Population (2010 Census)
- • Total: 21,627
- • Density: 20.646/km^{2} (53.474/sq mi)
- • Urban: 23.8%
- • Rural: 76.2%

Administrative structure
- • Inhabited localities: 1 urban-type settlements, 72 rural localities

Municipal structure
- • Municipally incorporated as: Apastovsky Municipal District
- • Municipal divisions: 1 urban settlements, 21 rural settlements
- Time zone: UTC+3 (MSK )
- OKTMO ID: 92610000
- Website: http://apastovo.tatarstan.ru/

= Apastovsky District =

Apastovsky District (Апа́стовский райо́н; Апас районы) is a territorial administrative unit and municipal district of the Republic of Tatarstan within the Russian Federation. The district is located in the southwest of the region. The territory of the district includes 72 settlements. As of 2020, 19,512 people reside in the region. Administrative centre is the urban-type settlement Apastovo.

==Geography==

The Apastovsky District is located in the historical region "Hill Bank Land" or Taw yağı of the Golden Horde, Khanate of Kazan and Kazan Governorate. It shares borders with Buinsky District, Tetyushskyy, Kamsko-Ustyinsky, Verkhneuslonsky and Kaybitsky districts of the republic, as well as with the Yalchiksky districts of Chuvashia.

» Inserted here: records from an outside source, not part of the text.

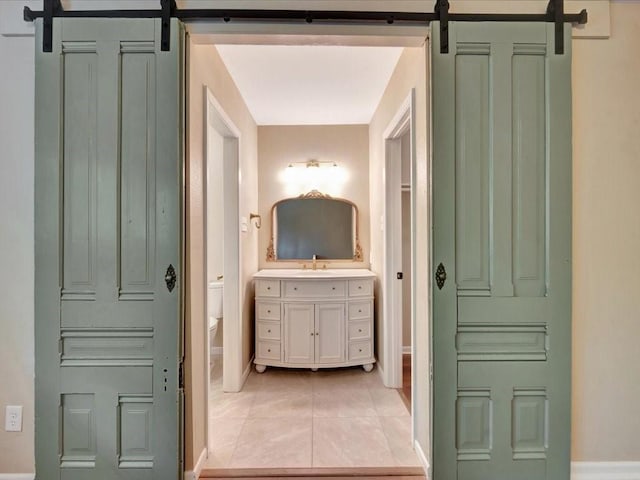 bathroom with baseboards, tile patterned floors, toilet, and vanity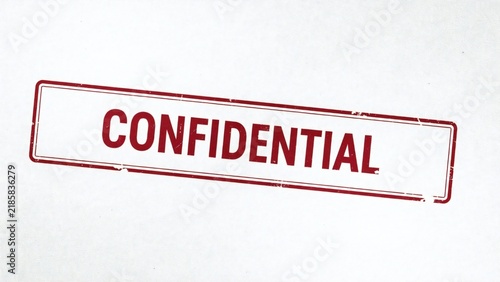 Obraz na płótnie Confidential red stamp on blurred background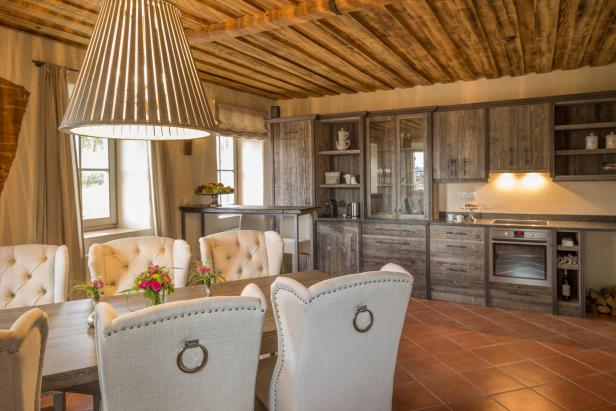 Ein Esszimmer mit Holzbalkendecke und einem Esstisch mit Stühlen.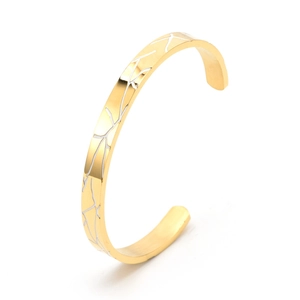 Detail shot of golden C-shaped open bracelet with white tree-like etched patterns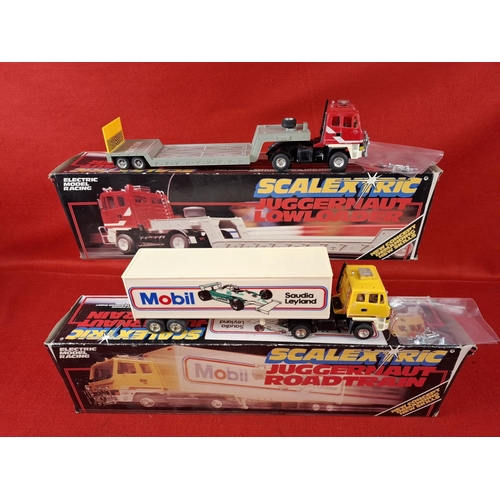 319 - 2 x vintage Scalextric Juggernauts one Road train and one Lowrider. Boxed in excellent condition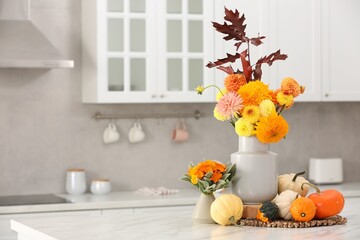 Poster - Beautiful autumn bouquets and pumpkins on marble table in kitchen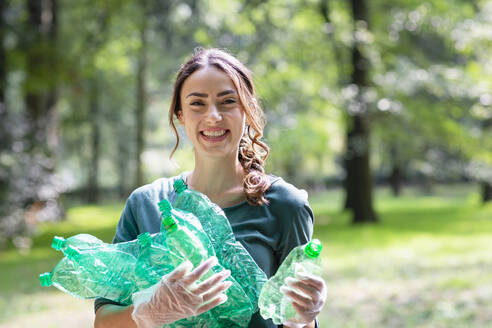 Lächelnde Umweltschützerin sammelt Plastikflaschen im Park - EIF02251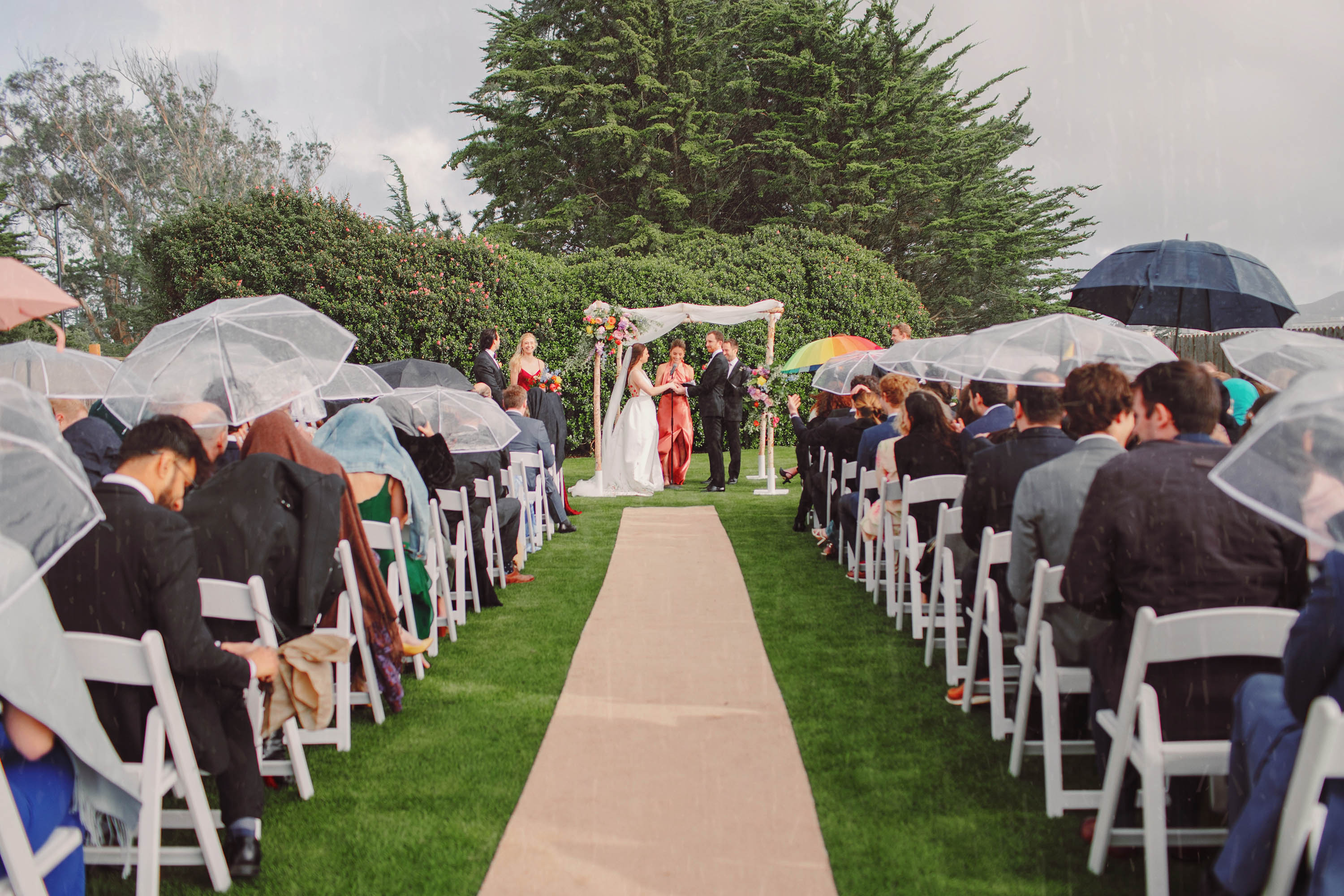 Umbrellas are out as this wedding photograph captures this magical moment during the wedding ceremony. Credit: Love Knot Photography by Isaac Klotz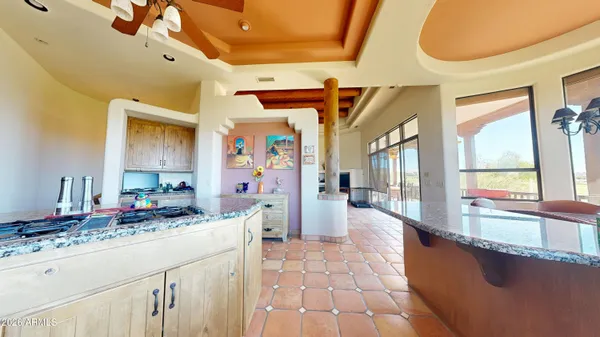 a living room with stainless steel appliances kitchen island granite countertop furniture and a large window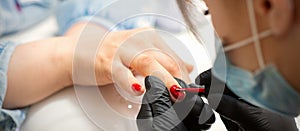 Painting nails of a woman. Hands of Manicurist in black gloves applying red nail polish on female Nails in a beauty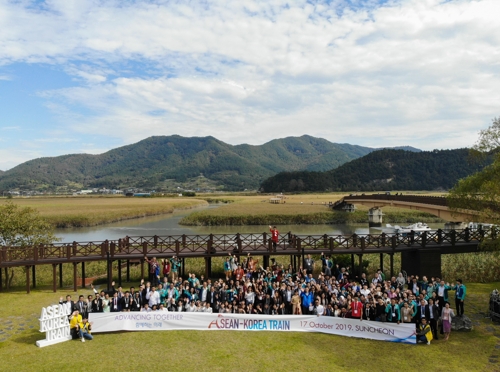 17일 순천만습지를 찾은 한아세안 인사들이 습지를 배경으로 기념사진을 찍고 있다 [한-아세안센터 제공]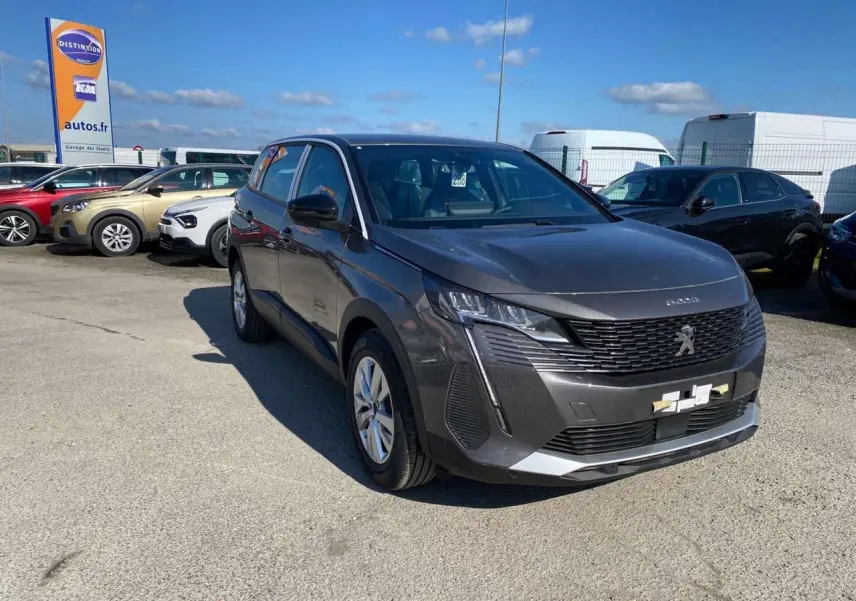 Peugeot 5008 gris platinium métal vue 3/4 avant droit sur parking sous ciel bleu.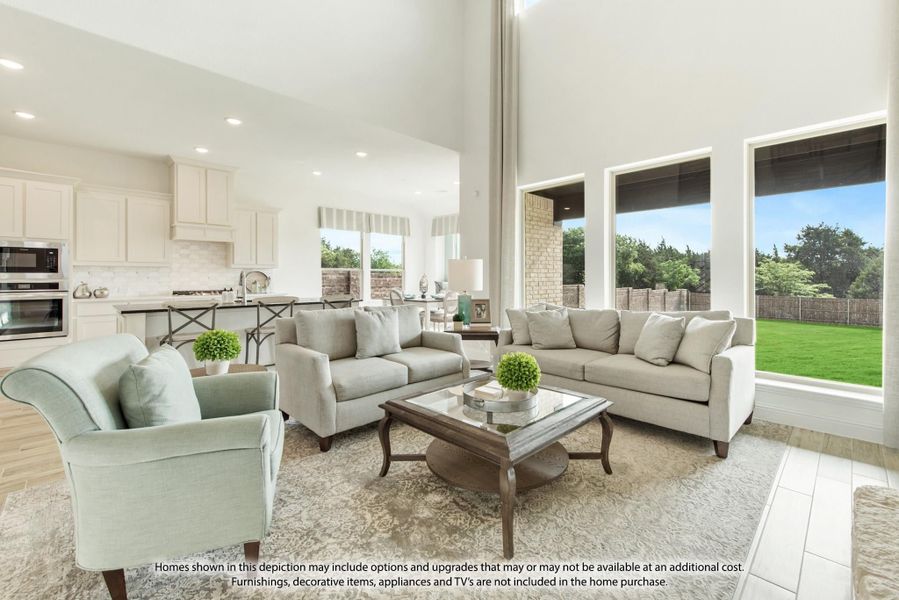 Open-concept living room with high ceilings, gray sofas, and large windows overlooking a backyard, with kitchen visible in background.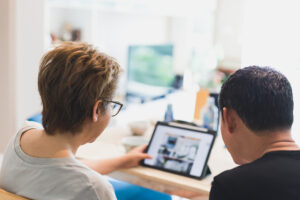 Back view of couple working on laptop at home office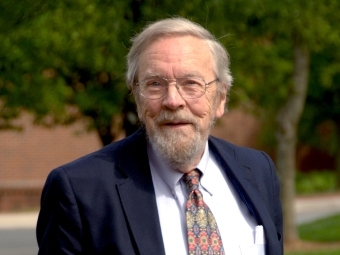 Hansford M. Epes stands and smiles at the camera while wearing a suit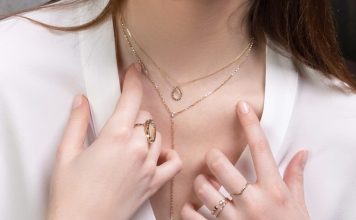 a close up of a person wearing rings and a necklace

The western part of the district is located on the slope of the Tokmovsky tectonic arch, the rest of the region is on the southwestern side of the Kazan-Kirov trough. The district topography is a hilly plain. All waterways of the territory are part of the Sviyaga basin. Other large rivers flowing through the region with a total length of more than 30 km are the Bula, Ulema, Suhaya Ulema, Biya, Cheremshan and Imelli. The total area of forested areas in the district amounts to 8.9 thousand hectares.

==Coat of arms and flag==

The development of the coat of arms and the flag was carried out jointly by the Heraldic Council under the President of the Republic of Tatarstan and the Russian Union of Heraldists. The coat of arms was approved by the decision of the Council of the Apastovsky Municipal District of September 30, 2006. The main economic, cultural and geographical features of the region are conveyed on the coat of arms and flag. Ears and a wreath symbolize fertile lands, two orioles represent hard work and spiritual culture, a silver ribbon is a symbol of the Sviyaga River, while the sun is a symbol of warmth and prosperity. The golden color on the coat of arms is a symbol of harvest, wealth, intelligence, respect; silver – purity, perfection, peace, understanding; red – courage, strength, hard work, beauty and celebration; green – a symbol of nature, health, youth, and life growth.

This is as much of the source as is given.